= Mexican whisky =

Mexican whiskey is a style of whisky distilled from corn developed and produced in Mexico. While Mexico does not have a long history of producing whisky, there has been a recent push to establish Mexico as a preeminent whisky country with a small group fostering the industry in the country.

==History==
Whisky production in Mexico is almost non-existent with the first real Mexican whisky being produced in 2013. This is mainly due to the popularity of other distilled drinks such as tequila and mezcal in the country with the majority of whisky consumed in Mexico being imports from other countries.

Today, most of the Mexican whisky produced originates from Oaxaca in Sierra Norte where heirloom corn is used due to its distinct taste from regular GMO corn.

In 2019 Destileria y Bodega Abasolo, the first distillery dedicated entirely to the production of Mexican whisky, was completed in Jilotepec de Abasolo. Jilotepec is known as "the birthplace" of corn and Abasolo whisky is the first whisky made from 100% heirloom Mexican corn (Cacahuazintle) that has undergone nixtamalization, a 4,000 year old Mesoamerican process.

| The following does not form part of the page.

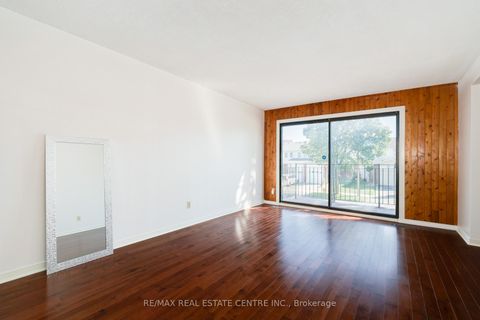 Photo 3 at 33 Millhouse Crescent, Rouge E11, Toronto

Despite the fact that the Mexican industry is relatively young, Mexican whisky has seen a rapid growth in popularity thanks in part to millennials who actively seek out new and different products and have helped to push the awareness of the country's whisky. The popularity of heirloom corn in the production has also helped it to become more in demand despite the rise of cheaper, mass-produced corn.